My Life and Ethiopia's Progress (Amharic:- ሕይወቴና የኢትዮጵያ እርምጃ [Hiywotenna ye'Ityopp'ya 'Irmijja]) is the autobiography of Emperor of Ethiopia Haile Selassie I, written over the course of his life, and published in two volumes in 1973–74.

== Creation and publication ==
The first volume covers 1892–1937, from Haile Selassie's birth until the Second Italo-Ethiopian War. He began writing it while in exile in Bath, England during that war; it covers his life and the administration and modernization of Ethiopia up to that point. The second volume covers 1936–1942, and Ethiopia's occupation by Italy and return to independence. Both volumes were edited extensively by assistant writers after Haile Selassie I's return to Ethiopia. They were published in Ethiopia in 1973 and 1974; English translations were published in 1976 and 1999, respectively.

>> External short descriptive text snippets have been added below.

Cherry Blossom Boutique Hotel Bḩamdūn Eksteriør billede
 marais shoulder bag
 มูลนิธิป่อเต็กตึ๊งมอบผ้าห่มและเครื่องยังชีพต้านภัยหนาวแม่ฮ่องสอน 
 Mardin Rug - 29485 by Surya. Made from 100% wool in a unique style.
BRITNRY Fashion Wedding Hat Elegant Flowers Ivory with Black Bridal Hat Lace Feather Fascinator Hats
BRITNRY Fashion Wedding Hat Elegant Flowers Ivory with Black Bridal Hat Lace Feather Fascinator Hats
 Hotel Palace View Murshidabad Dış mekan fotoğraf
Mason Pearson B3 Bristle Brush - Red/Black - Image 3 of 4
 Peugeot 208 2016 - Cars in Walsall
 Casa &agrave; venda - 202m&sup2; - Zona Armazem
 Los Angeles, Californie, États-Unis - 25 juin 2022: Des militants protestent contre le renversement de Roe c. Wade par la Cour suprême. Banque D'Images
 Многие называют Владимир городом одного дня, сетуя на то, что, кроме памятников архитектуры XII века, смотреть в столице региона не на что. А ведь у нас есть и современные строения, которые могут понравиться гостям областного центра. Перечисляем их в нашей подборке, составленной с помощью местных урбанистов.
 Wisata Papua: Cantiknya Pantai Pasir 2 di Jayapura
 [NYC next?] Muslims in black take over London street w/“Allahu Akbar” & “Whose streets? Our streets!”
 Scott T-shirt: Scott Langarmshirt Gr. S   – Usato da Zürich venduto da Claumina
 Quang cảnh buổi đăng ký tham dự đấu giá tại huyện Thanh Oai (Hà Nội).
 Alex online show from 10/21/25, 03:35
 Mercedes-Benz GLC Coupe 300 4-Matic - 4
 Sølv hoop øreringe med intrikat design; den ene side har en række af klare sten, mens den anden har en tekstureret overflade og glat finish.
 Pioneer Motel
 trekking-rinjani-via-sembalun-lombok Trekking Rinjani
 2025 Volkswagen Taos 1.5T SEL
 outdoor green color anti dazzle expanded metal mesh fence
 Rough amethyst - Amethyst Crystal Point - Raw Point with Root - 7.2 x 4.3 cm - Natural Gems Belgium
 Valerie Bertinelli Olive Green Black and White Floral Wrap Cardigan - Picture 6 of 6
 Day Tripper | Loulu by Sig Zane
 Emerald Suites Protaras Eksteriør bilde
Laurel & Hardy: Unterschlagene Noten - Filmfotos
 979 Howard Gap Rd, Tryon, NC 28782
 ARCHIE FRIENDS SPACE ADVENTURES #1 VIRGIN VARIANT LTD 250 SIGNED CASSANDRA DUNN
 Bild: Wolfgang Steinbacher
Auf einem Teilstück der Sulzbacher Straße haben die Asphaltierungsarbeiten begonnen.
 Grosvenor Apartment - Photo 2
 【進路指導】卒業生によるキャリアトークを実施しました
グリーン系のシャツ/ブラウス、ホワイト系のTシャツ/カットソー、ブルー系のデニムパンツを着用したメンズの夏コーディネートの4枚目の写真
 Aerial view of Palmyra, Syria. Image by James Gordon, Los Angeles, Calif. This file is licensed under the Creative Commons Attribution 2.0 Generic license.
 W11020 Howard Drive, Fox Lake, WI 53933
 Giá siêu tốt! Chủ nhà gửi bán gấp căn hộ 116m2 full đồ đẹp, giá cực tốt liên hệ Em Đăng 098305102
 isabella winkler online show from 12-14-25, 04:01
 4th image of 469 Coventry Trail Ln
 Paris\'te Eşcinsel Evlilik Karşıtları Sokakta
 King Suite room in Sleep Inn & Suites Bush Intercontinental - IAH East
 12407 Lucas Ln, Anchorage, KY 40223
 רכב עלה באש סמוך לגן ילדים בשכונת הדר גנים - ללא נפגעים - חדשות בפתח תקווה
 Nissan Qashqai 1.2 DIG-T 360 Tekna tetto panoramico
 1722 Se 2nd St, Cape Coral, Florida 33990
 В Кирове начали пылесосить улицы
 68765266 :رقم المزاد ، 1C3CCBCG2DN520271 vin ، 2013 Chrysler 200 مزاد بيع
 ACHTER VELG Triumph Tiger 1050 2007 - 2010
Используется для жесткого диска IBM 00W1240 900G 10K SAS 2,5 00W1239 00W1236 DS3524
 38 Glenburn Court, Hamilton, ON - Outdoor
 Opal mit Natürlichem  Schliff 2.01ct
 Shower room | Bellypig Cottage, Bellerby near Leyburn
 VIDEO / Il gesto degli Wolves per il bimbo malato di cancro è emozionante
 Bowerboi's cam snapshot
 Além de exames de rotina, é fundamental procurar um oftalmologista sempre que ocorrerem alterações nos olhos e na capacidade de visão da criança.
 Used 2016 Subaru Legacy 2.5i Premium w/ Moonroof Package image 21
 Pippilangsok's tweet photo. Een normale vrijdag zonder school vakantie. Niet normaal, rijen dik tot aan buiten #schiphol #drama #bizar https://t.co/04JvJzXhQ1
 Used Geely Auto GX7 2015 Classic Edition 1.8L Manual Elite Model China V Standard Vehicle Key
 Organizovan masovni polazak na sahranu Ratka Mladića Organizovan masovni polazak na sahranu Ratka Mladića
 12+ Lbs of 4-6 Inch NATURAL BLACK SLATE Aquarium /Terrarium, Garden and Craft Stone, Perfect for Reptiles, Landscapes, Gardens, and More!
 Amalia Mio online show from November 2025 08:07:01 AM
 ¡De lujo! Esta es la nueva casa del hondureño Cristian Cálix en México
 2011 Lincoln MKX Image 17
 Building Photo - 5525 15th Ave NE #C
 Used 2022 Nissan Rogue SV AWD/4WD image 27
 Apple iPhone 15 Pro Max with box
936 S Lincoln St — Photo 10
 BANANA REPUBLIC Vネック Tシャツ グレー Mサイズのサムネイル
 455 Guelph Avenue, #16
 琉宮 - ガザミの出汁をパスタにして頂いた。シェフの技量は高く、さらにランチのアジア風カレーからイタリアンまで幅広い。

Haile Selassie I wrote with an eye towards the political impact of publication, and addressed questions about the legitimacy of his power and position, and about his flight into exile in 1936. He published the books while he was still in power, shortly before he was deposed in a military coup in 1974. In 1976 it was translated from Amharic into English and annotated by Edward Ullendorff in an Oxford University Press publication.

== Quotes ==
Haile Selassie wrote in the preface:
 "A house built on granite and strong foundations, not even the onslaught of pouring rain, gushing torrents and strong winds will be able to pull down. Some people have written the story of my life representing as truth what in fact derives from ignorance, error or envy; but they cannot shake the truth from its place, even if they attempt to make others believe it."